Pat Murphy turned to Chad Patrick out of the bullpen to begin the fifth inning. With days off on Tuesday and Thursday this past week and another one coming on Monday, the Brewers won’t need a fifth starter for a while, so this helps keep Patrick on some sort of normal schedule. Patrick was able to settle things down and kept the Yankees off the board in his three innings of work.
The Yankees turned to their bullpen in the seventh inning, and Jake Bauers was very happy to see it, taking the first pitch he saw, a middle-middle fastball from Brent Headrick, into the second deck in right to cut the deficit in half. The Brewers then added on in the eighth with some classic small ball, starting with a Brice Turang single. Turang followed by stealing second, and Contreras delivered an RBI single to left to tie the game up at 2-2.
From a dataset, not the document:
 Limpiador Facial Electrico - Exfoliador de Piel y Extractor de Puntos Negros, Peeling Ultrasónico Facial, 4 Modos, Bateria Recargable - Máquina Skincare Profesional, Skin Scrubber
With both teams unable to score in the ninth, we went to extra innings. Aaron Ashby was so close to getting through a scoreless 10th and had Ryan McMahon down 0-2, but a single through the middle gave the Yankees a 3-2 lead before Aaron Judge was caught heading to third.
In the bottom of the 10th, Garrett Mitchell was the Manfred Man on second base. A wild pitch put him on third base before Luis Rengifo walked. Gary Sánchez pinch-hit for David Hamilton and lifted a fly ball to shallow right field. Mitchell thought about tagging, but pulled up as the throw from Judge was on line (though a bit high). Then Jackson Chourio was able to deliver an infield single to bring Mitchell in and tie the game up at 3-3.
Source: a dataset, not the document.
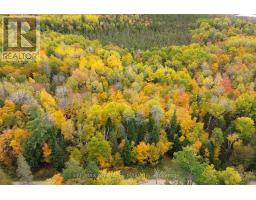 2093 Smith Road, North Frontenac, ON K0H1C0 Photo 13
With runners on first and second and one out, Brice Turang hits a tapper to the pitcher Tim Hill. Hill, inexplicably, decided to throw the ball to third base to try to get Rengifo, and ended up hitting Rengifo in the hand, leaving the bases loaded for Contreras.
Contreras lofted a fly ball deep enough to right field to score Rengifo, and the Brewers walked off the Yankees 4-3.
Aaron Ashby ends up with his league-leading seventh win of the season, the Brewers win the series, and have a chance to sweep on Mother’s Day. Tomorrow’s game features Logan Henderson opposite Carlos Rodón, who is making his season debut for New York. First pitch is at 1:10 p.m.